• _AVAILABLE DATA_:
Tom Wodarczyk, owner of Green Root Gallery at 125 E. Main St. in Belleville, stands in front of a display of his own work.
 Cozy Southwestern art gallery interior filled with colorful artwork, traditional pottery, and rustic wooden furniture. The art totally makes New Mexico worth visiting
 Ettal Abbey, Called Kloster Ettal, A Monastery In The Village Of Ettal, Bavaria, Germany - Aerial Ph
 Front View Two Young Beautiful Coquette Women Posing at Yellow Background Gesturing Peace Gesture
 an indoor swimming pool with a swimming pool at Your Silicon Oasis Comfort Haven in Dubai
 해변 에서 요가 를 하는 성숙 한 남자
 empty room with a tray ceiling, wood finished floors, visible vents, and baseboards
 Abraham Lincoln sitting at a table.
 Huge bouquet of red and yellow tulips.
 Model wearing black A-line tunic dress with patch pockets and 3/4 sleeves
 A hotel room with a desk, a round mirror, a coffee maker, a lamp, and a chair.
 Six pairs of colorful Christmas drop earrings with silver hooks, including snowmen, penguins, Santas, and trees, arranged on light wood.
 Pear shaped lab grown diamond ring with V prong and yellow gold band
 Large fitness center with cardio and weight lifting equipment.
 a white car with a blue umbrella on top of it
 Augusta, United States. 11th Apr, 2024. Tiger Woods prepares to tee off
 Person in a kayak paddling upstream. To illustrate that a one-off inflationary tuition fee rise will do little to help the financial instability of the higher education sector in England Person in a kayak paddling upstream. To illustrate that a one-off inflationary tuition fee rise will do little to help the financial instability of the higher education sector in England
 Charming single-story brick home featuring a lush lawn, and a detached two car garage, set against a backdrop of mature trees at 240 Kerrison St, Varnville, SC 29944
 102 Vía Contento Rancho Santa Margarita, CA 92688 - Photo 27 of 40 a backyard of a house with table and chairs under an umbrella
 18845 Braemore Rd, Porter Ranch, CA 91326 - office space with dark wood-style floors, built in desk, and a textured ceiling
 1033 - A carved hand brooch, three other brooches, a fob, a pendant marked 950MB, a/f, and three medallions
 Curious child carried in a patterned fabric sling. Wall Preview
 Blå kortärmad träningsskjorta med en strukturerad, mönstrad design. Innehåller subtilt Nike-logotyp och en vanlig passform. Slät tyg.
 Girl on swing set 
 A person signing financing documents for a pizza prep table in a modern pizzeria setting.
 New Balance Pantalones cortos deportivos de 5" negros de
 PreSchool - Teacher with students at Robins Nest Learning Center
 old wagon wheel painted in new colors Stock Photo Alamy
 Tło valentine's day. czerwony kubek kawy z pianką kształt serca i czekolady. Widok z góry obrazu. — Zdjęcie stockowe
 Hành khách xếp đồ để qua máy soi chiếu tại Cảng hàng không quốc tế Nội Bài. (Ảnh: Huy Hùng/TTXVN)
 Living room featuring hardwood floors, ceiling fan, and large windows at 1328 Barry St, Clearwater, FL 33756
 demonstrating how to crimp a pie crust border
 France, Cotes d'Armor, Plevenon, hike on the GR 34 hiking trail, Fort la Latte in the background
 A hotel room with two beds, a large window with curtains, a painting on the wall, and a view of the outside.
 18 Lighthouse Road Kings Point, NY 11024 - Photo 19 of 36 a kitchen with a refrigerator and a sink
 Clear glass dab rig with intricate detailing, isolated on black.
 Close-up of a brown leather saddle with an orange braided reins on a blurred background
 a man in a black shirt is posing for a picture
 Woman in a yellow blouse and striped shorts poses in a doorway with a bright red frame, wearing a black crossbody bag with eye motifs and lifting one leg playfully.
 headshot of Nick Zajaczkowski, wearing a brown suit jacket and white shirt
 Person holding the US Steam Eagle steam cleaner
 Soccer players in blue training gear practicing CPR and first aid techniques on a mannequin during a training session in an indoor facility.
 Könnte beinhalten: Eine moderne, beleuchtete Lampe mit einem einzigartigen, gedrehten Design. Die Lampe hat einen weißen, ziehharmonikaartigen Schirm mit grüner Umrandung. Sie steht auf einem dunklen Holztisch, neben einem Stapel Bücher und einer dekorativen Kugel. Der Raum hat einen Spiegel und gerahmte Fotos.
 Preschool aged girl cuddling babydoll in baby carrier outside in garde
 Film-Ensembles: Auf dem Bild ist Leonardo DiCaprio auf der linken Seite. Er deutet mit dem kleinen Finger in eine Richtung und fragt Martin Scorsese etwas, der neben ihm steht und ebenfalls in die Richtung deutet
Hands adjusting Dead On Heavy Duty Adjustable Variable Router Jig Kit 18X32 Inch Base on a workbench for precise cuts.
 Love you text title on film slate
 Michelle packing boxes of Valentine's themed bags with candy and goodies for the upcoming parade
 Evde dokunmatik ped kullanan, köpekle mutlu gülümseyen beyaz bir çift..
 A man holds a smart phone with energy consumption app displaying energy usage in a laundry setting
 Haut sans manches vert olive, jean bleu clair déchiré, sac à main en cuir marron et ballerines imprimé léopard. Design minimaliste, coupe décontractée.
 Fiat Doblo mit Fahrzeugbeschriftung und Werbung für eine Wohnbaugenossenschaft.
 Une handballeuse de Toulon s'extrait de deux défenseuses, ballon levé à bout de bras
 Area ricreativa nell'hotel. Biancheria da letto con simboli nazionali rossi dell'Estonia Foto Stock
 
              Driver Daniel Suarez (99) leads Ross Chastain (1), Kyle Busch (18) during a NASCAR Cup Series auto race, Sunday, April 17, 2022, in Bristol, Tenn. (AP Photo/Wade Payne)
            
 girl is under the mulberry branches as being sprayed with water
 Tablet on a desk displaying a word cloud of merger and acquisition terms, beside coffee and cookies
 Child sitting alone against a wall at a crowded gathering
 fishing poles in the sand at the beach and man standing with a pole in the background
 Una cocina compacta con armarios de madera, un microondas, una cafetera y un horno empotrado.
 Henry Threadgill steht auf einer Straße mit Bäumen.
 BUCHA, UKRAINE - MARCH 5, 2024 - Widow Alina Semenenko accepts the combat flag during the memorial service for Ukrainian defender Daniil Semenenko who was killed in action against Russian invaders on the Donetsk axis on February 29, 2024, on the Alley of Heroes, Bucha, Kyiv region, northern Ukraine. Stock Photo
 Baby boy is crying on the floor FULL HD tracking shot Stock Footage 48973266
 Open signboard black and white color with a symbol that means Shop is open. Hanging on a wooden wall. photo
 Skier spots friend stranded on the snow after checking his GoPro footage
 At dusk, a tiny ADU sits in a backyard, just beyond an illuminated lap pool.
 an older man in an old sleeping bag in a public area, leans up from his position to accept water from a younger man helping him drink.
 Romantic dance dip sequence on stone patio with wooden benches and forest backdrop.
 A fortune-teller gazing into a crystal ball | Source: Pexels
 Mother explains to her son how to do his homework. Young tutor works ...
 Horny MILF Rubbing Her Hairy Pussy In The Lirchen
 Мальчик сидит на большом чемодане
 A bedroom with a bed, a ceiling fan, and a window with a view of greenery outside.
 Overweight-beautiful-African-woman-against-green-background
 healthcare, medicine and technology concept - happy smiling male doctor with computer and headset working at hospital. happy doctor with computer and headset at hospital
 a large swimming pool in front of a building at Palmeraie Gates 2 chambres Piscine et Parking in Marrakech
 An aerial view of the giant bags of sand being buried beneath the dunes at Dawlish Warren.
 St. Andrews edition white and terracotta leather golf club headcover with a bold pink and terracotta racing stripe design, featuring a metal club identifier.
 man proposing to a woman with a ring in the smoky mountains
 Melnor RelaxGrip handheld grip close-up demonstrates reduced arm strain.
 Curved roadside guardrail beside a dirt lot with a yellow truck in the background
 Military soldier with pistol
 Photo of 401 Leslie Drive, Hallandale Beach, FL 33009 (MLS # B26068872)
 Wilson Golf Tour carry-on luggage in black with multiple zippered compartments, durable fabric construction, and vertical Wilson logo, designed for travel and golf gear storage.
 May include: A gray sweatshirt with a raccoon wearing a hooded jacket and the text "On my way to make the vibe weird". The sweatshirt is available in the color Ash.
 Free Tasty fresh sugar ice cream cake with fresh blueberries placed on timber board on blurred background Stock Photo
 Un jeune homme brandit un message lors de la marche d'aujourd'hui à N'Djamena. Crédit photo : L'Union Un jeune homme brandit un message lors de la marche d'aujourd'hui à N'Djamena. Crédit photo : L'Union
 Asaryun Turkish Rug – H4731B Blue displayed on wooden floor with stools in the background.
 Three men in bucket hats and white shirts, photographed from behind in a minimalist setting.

• _WHAT THE TASK ASKS_: Could you please retype the lines from the start of the data through the line with "Pear shaped lab", both included, and nothing else?

• _RESULT FOR THIS TASK_:
Tom Wodarczyk, owner of Green Root Gallery at 125 E. Main St. in Belleville, stands in front of a display of his own work.
 Cozy Southwestern art gallery interior filled with colorful artwork, traditional pottery, and rustic wooden furniture. The art totally makes New Mexico worth visiting
 Ettal Abbey, Called Kloster Ettal, A Monastery In The Village Of Ettal, Bavaria, Germany - Aerial Ph
 Front View Two Young Beautiful Coquette Women Posing at Yellow Background Gesturing Peace Gesture
 an indoor swimming pool with a swimming pool at Your Silicon Oasis Comfort Haven in Dubai
 해변 에서 요가 를 하는 성숙 한 남자
 empty room with a tray ceiling, wood finished floors, visible vents, and baseboards
 Abraham Lincoln sitting at a table.
 Huge bouquet of red and yellow tulips.
 Model wearing black A-line tunic dress with patch pockets and 3/4 sleeves
 A hotel room with a desk, a round mirror, a coffee maker, a lamp, and a chair.
 Six pairs of colorful Christmas drop earrings with silver hooks, including snowmen, penguins, Santas, and trees, arranged on light wood.
 Pear shaped lab grown diamond ring with V prong and yellow gold band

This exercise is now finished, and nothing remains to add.